Dossier
Q Your podcast is described as ‘an exploration of the feeling of loneliness, solitude and aloneness’. What was your motivation to start The Lonely Hour?
At the age of 33, I was a single woman living in New York, looking for partnership and not finding it. That made me feel lonely – and the fact that many of my friends were feeling alone, too, made me lonely for us all. Combine that with the way technology has changed the dating game – and the way we connect, or don’t, in general – and modern society was looking bleak to me. A way of dealing with that was to launch the podcast and confront loneliness head-on. My being upset with singledom may seem like the obvious answer to why I created the podcast, but there were bigger reasons: I had read reports detailing our society’s increasing sense of social isolation; I observed the ways in which technology is distancing us from one another; I saw more people freelancing or working alone. I wanted to explore all that.

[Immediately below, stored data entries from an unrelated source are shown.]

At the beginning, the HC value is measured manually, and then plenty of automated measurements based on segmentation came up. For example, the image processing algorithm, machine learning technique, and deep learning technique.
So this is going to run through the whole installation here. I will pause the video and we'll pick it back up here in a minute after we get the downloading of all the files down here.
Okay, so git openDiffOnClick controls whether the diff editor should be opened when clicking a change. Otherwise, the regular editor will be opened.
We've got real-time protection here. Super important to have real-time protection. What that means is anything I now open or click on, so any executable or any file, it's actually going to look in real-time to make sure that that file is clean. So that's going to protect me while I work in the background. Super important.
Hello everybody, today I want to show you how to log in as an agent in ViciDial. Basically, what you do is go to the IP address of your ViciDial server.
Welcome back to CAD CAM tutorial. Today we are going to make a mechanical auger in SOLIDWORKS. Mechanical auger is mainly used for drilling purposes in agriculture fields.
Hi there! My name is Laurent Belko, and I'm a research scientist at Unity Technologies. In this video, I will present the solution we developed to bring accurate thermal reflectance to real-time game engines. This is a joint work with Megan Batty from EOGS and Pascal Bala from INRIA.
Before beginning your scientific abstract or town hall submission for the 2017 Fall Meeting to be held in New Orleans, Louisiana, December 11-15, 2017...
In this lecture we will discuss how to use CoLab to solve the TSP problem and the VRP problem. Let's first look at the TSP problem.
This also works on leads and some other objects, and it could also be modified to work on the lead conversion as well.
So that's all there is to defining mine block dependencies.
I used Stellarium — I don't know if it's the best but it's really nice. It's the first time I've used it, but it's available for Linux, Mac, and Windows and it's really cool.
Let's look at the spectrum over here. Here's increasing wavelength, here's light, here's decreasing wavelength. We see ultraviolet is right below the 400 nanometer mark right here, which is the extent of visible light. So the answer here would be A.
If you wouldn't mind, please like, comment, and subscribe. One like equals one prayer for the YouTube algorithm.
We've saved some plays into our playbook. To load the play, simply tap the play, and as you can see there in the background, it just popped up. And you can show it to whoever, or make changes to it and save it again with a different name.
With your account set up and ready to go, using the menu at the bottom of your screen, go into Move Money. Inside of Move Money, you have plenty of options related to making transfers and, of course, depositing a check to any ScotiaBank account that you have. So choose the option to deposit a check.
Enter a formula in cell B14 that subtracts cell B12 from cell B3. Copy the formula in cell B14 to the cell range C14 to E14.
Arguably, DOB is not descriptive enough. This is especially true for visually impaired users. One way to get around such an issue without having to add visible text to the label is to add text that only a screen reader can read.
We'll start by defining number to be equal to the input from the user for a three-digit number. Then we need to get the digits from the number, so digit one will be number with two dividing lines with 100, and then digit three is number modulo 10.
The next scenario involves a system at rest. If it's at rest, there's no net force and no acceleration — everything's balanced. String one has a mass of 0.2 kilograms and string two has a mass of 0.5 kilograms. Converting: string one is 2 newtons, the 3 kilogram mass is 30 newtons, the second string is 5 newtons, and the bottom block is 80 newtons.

Q Who do you interview and what have you learned?
I interview all kinds of people. The point is to get a range of guests who, hopefully, reach a range of listeners – cataloguing their expressions of loneliness, showing that it’s something we all feel. That is what I’ve learned, or what has been reinforced: everyone feels lonely sometimes. Of course, for some it’s chronic, and some are better at dealing with it than others but, in general, it’s part of the mixed bag of emotions involved in the human experience. Perhaps that understanding will make people feel less alone.